**EXERCISE**. Below are the records; repeat exactly their lines between the line holding "Ukraine Ukrainian Canadian" and the line holding "Pacific Trail Vintage", inclusive, skipping the pictures.

★ ★ ★ ★ ★ ★ ★

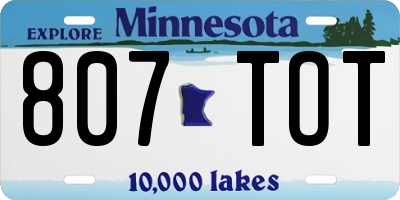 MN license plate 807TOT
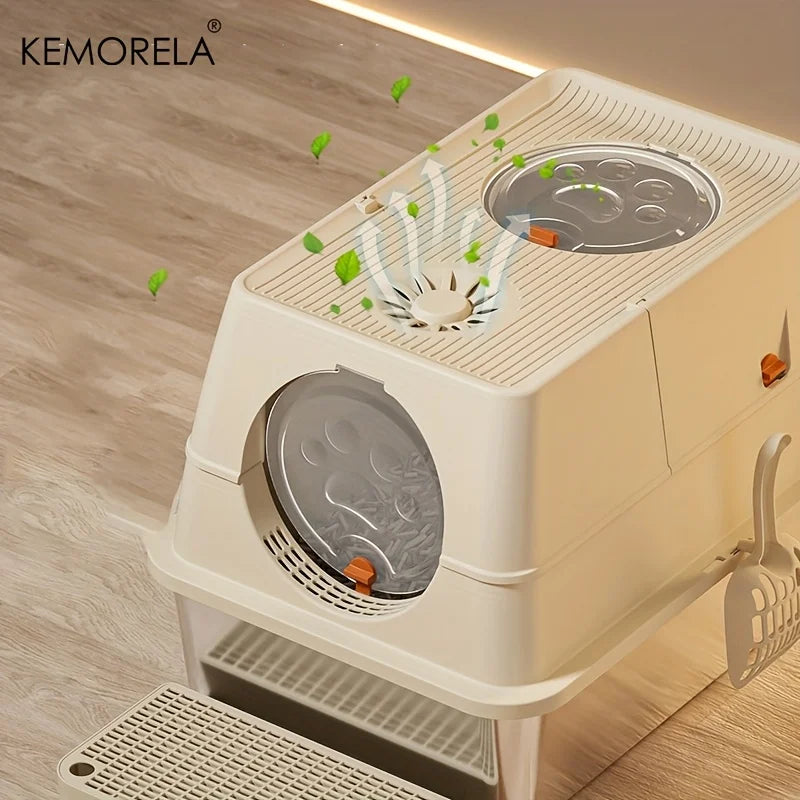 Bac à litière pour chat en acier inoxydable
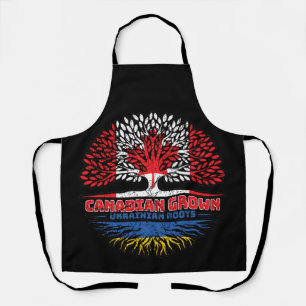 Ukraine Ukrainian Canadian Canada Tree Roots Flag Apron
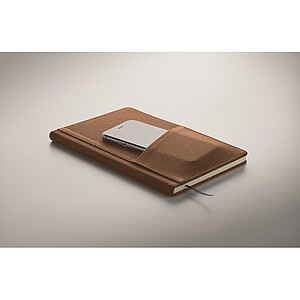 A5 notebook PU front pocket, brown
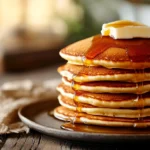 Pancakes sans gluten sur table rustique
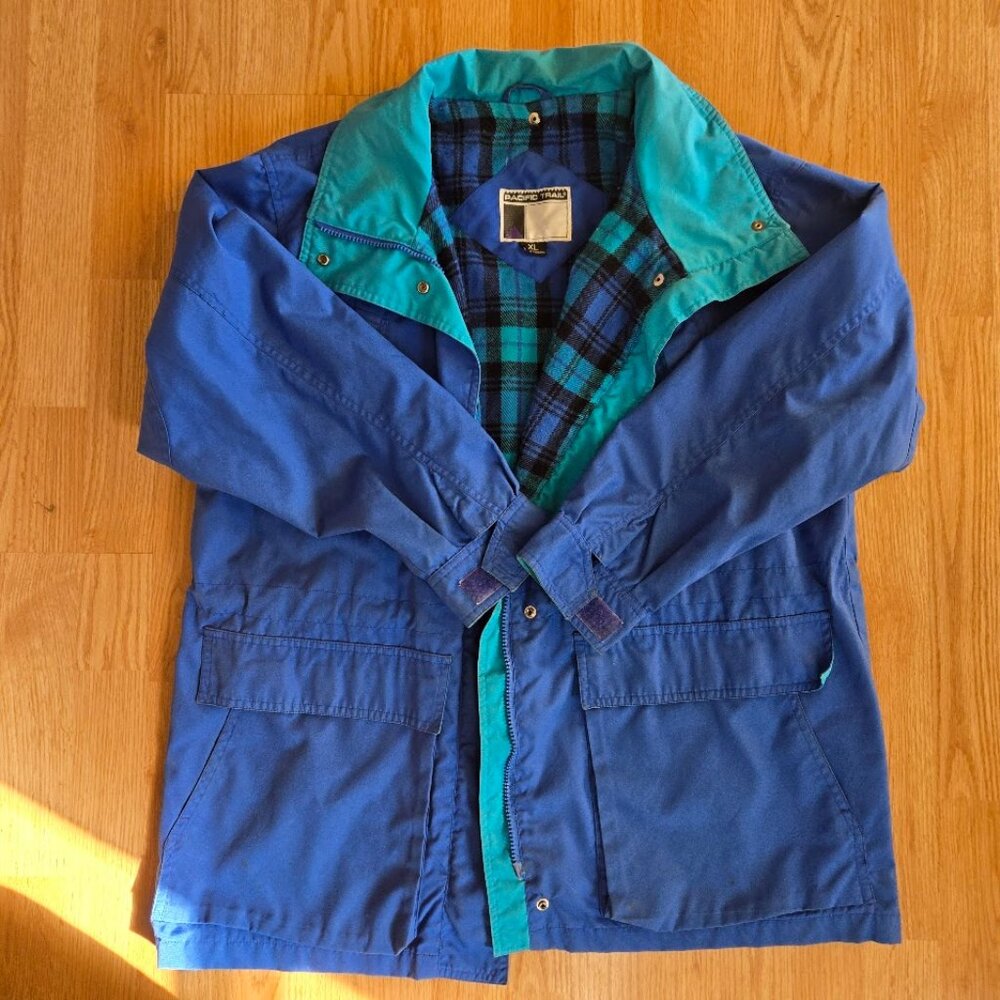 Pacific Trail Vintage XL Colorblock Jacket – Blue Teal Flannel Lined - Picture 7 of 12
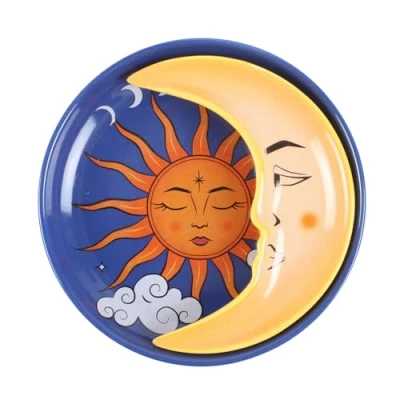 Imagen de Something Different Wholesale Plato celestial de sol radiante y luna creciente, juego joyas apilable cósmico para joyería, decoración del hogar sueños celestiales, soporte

★ ★ ★ ★ ★ ★ ★

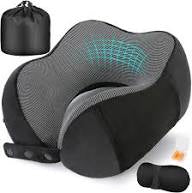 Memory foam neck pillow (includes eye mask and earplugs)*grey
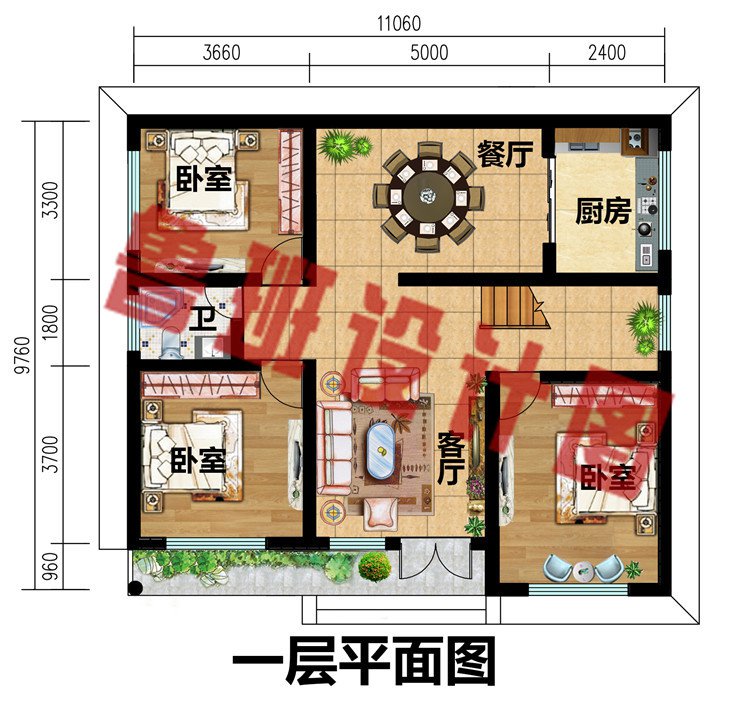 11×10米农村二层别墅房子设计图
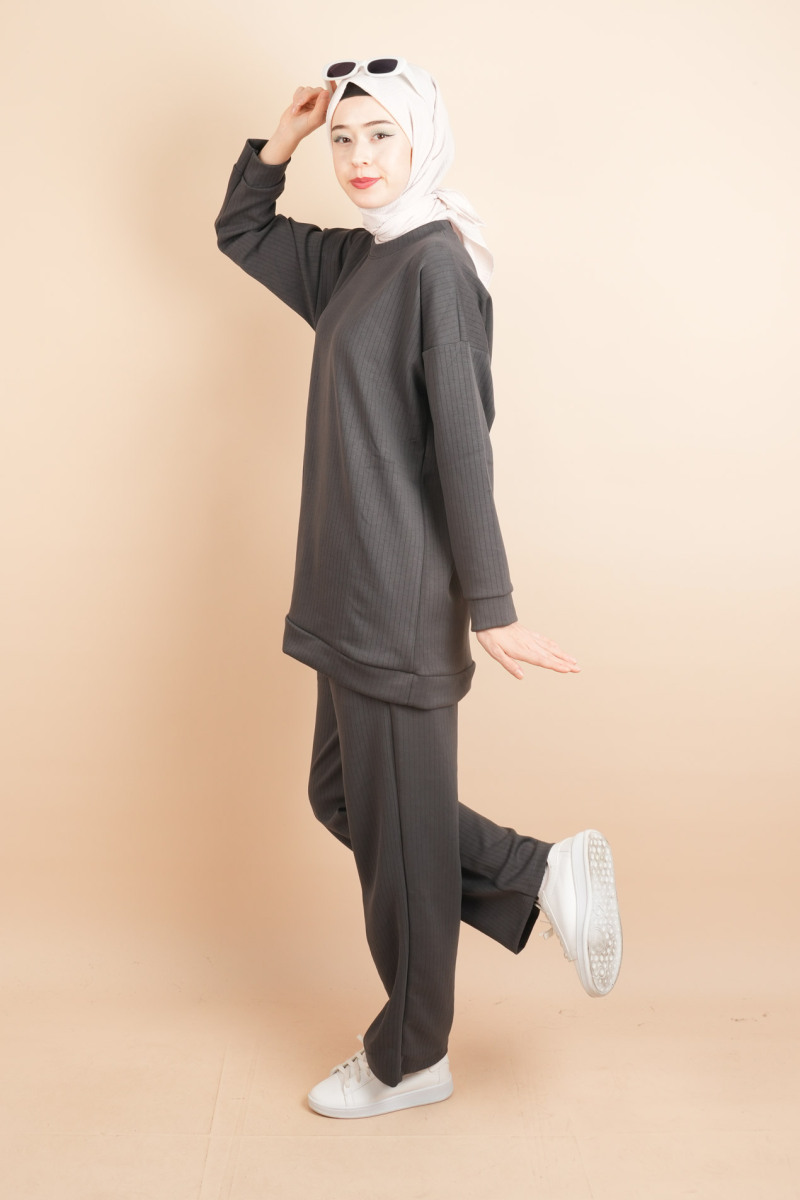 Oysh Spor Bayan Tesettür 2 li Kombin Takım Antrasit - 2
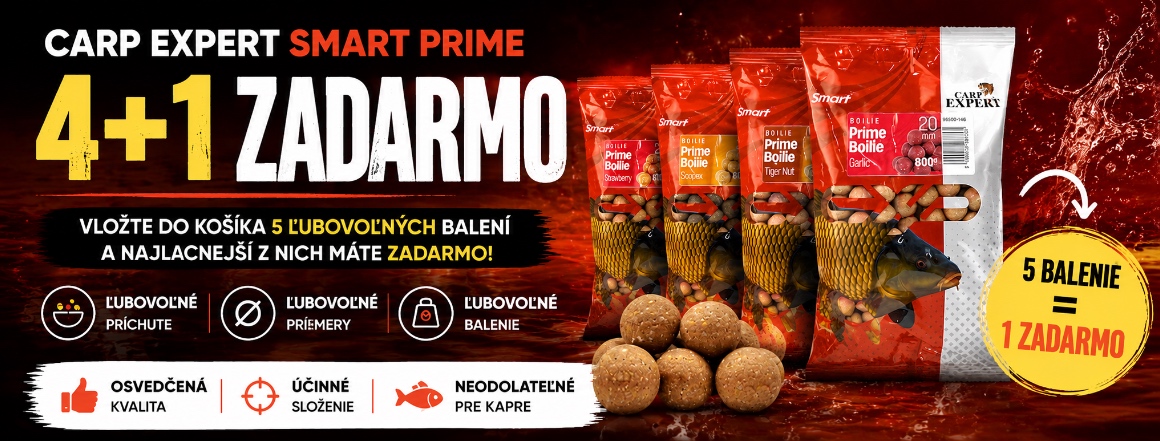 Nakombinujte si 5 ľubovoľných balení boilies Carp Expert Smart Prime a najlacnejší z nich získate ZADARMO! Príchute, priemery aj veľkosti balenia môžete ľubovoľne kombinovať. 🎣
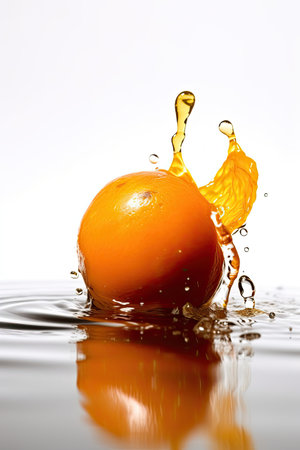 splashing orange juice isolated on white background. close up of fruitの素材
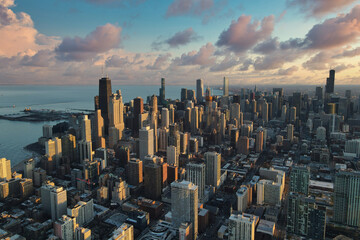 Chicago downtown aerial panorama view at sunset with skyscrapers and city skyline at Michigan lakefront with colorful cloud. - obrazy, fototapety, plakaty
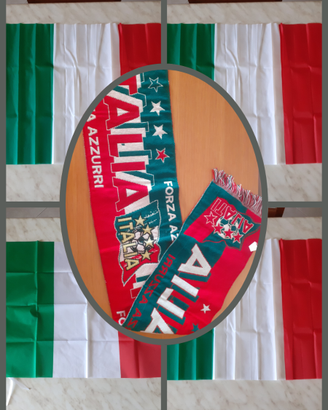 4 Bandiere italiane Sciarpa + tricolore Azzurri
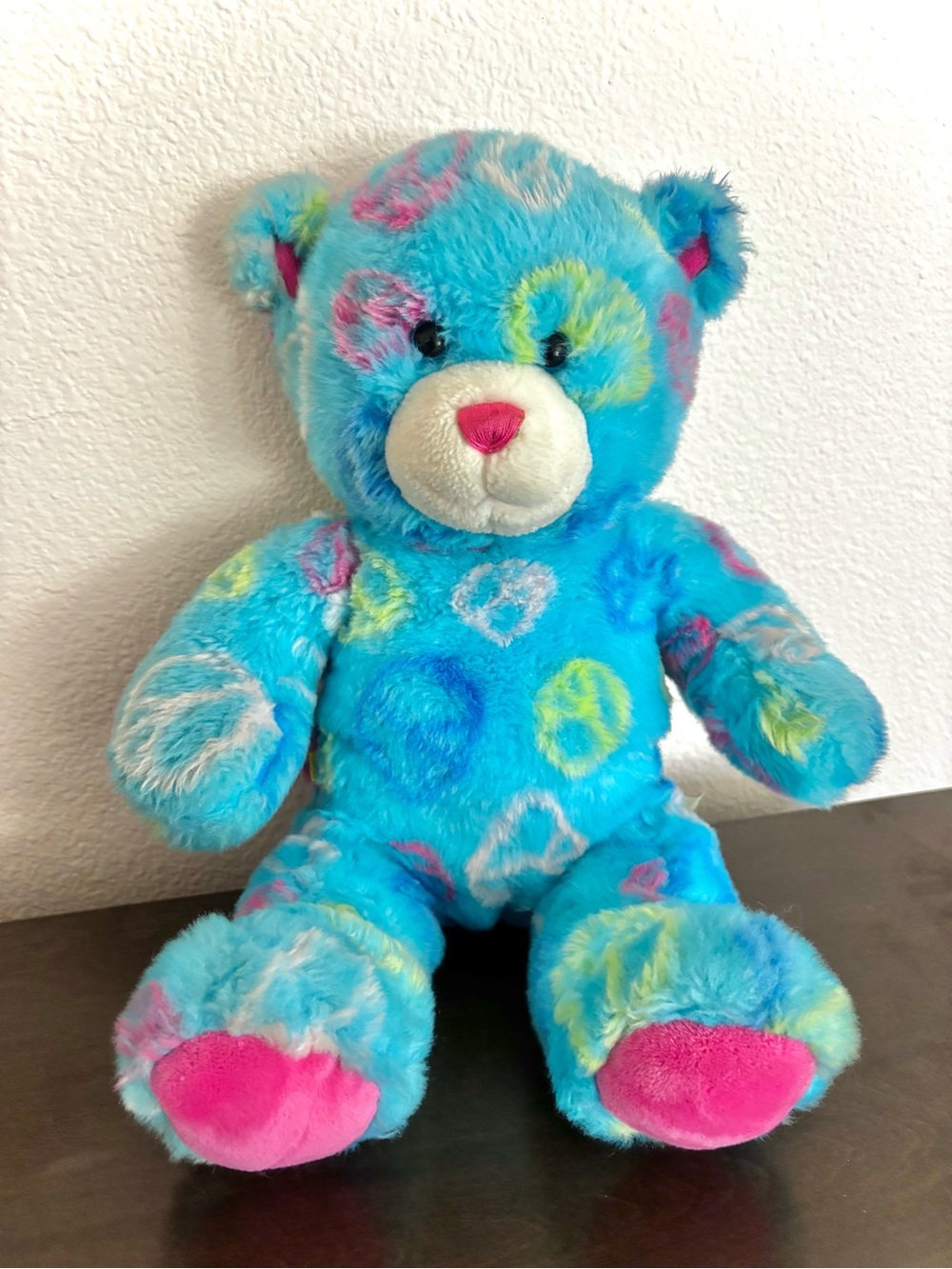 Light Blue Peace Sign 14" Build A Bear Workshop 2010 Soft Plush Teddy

★ ★ ★ ★ ★ ★ ★

**OUTPUT BELOW**.
 Ukraine Ukrainian Canadian Canada Tree Roots Flag Apron
 A5 notebook PU front pocket, brown
 Pancakes sans gluten sur table rustique
 Pacific Trail Vintage XL Colorblock Jacket – Blue Teal Flannel Lined - Picture 7 of 12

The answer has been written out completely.